Dopo aver bevuto un po' di zuppa di latte col pane secco, va in camera. Nulla è cambiato, due lettoni grandi e uno piccolo, il suo. Ancora c'era su la coperta che gli aveva cucito la mamma. "Mamma, quanto me manchi!". Il cuore gli si strinse per un attimo e per scacciare questi pensieri tristi decide prendere un po' d'acqua nel deposito di quella piovana e di lavarsi. "Claudio, l'artsita" cominciò a pensare. Certo che coi soldi puoi fare quello che vuoi. L'artista mantenuto dal papà. Già gli stava sul cazzo sto Claudio, degno fijo del padre, marchesino di Stocazzo pure lui.
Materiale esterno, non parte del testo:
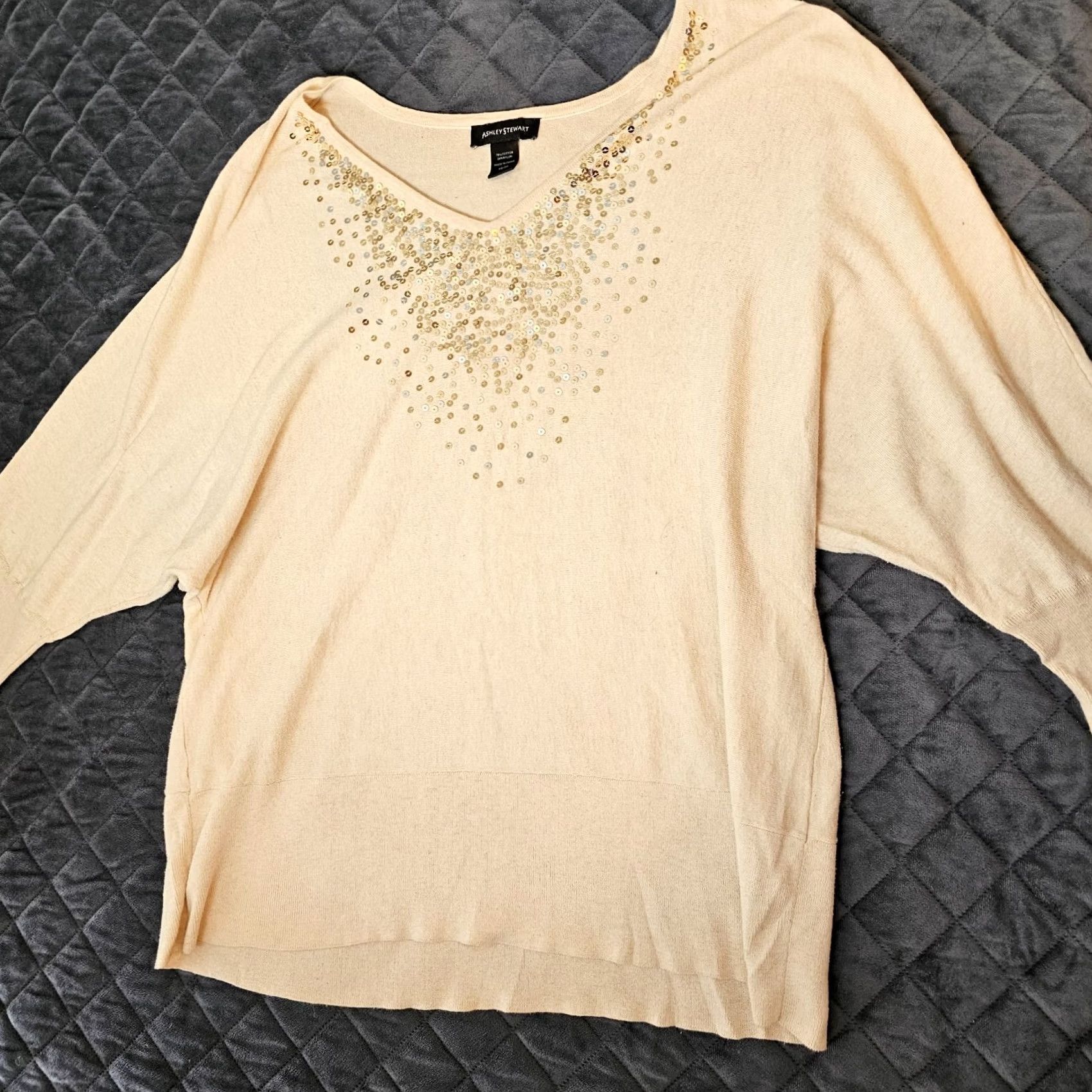 Vintage VINTAGE Ashley Stewart Women’s Plus Size Blouse Shirt V Neck Sequin Long Sleeve Beige 20 Womens Size 3XL / US 20-22 - 6 Thumbnail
Dopo un'ora circa decide di andare dal padre che, avendo una certa età, lavorava nei magazzini della tenuta.

<<Ah Cì, ma quello non è tu fijo Mario?>> gli dice un collega.

<<Che stai a dì Vitto'!>> Ciccio si gira e lo vede. Non sa bene quello che prova, se felicità, se angoscia, se rabbia. Mario vede solo che lascia il cesto di verdura che stava controllando per andargli incontro.
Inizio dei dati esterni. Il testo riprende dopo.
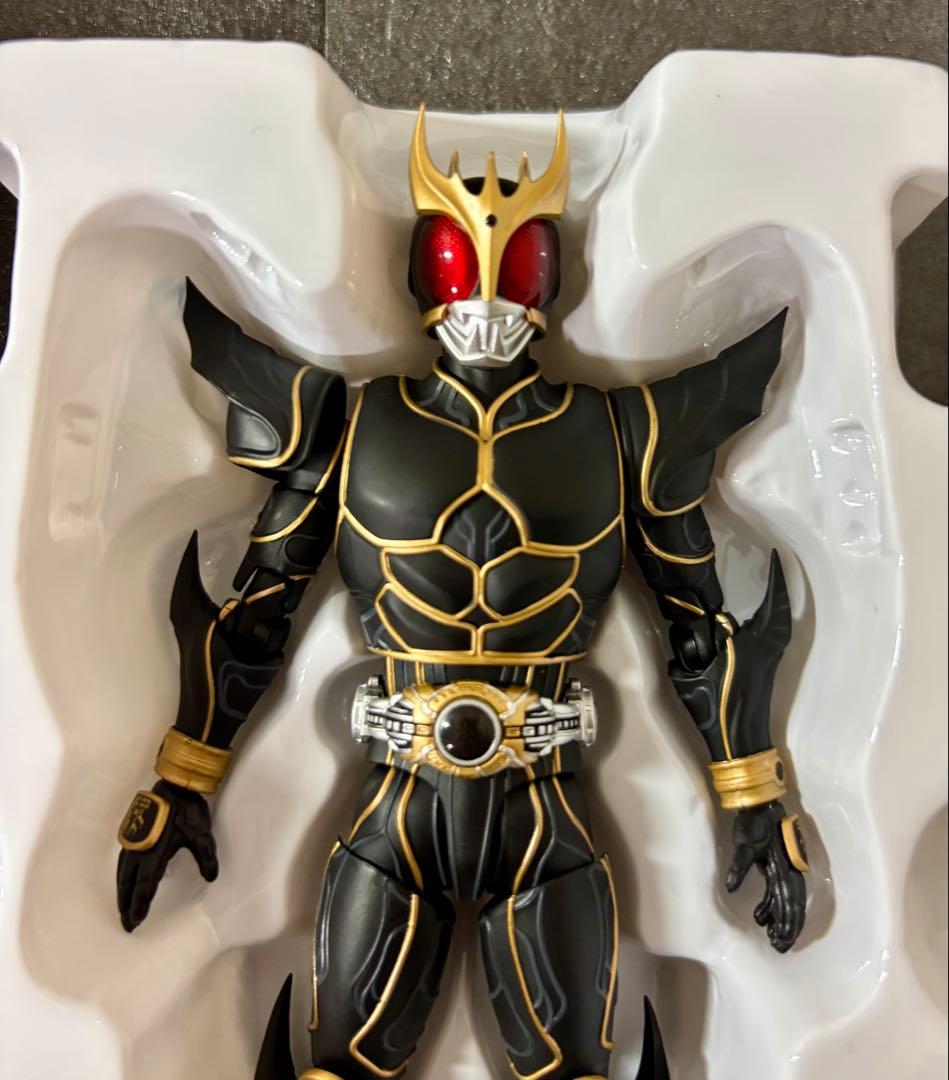 美品　仮面ライダークウガ アルティメットフォーム　ダグバ　真骨彫製法　フィギュア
<<Mario, mannaggia a te, n'infarto me farai prende prima o poi!>>

<<Ciao papà, e chi t'ammazza a te. Come stai? Me sei mancato!>>

<<Anche tu fijo de na buona donna>>

<<Ahò, guarda che la buona donna sarebbe tu moje!>>

<<Fammè sta zitto fammè!>> impreca Ciccio mordendosi il pugno. Mario fin da piccolo lo faceva disperare. Non era calmo e tranquillo come Luigi, no! Lui era strano, introverso, parlava poco e sembrava sempre pensieroso. Era anche il figlio preferito di Lia, sua moglie. Quando la mamma era morta Mario era stato malissimo, e i suoi silenzi si erano fatti sempre più rumorosi.

<<Ciccio, che succede abbiamo visite?>> dice ad un certo punto una voce familiare.
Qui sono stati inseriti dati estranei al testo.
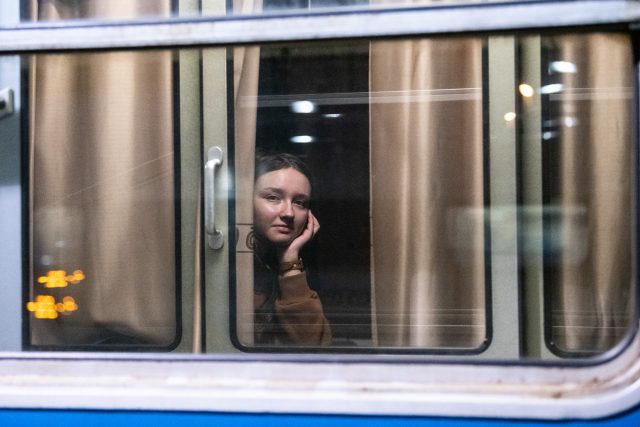 Cestující ve vlaku  (ilustr. foto) | foto: René Volfík,  iROZHLAS.cz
<<Marchè, sì. Vo ricordate a mi fijo Mario? Il piccolo!>>

<<Ah, il milanese! Ben tornato Mario... che ci fai qui? Milano non ha soddisfatto i tuoi sogni?>>

<<Salve signor marchese. Sono tornato qui per qualche mese a trovare i miei. Tornerò presto a Milano, non si preoccupi. Sicuramente soddisfa i miei sogni più che sto posto. Con tutto il rispetto.>>

<<Vedo che il tuo bel carattere non ti ha abbandonato. Bene, resta quanto vuoi... anzi, visto che stai nella mia proprietà ti chiederò anche un favore. Pagato ovviamente>>

<<Guardi, se il favore consiste a zappare la terra non sprechi fiato... diciamo che non sono portato!>>

<<Ah, nelle tue condizioni disdegni pure il lavoro? Che figlio hai tirato su Ciccio? Uno sfaticato?>>

<<Con tutto il rispetto marchese, io a Milano lavoravo, e lavorerò ancora appena torno. Mio padre non m'ha mai mandato na lira, me so fatto sempre un culo così. Non è di certo lui il padre di no sfaticato!>> e no...Mario la lingua non se la sapeva proprio mozzicare.

<<Mario!>> lo ammonisce il padre <<Marchese lo scusi, è appena arrivato, è stanco. Ma mi dica, in che consiste il favore, o il lavoro?>>

<<Ringrazia che tuo padre è un brav'uomo. Ti piacciono i cavalli no? Mi ricordo che da piccoletto ti trovavo sempre nelle mie stalle, con Achille. Beh, domani arriva mio figlio, Claudio. Lo stalliere s'è fatto male. Mi serve qualcuno che per un paio di mesi si prende cura dei cavalli e insegni a mio figlio a cavalcare.>>

<<Grande e grosso nun sa cavalcare?>>

<<Non ti ho chiesto opinioni a riguardo Mario. Accetti sì o no?>>

<<Certo che accetto. Adoro i cavalli>> e poi vuoi mettere il divertimento di vedere il marchese Claudio di Stocazzo cadere come una femminuccia da cavallo. No, non se lo sarebbe perso per nulla al mondo. Claudio, l'artista... il mantenuto. Chissà de che arte se parlava poi. "So tutti boni a fa gli artisti coi sordi di papà", pensò.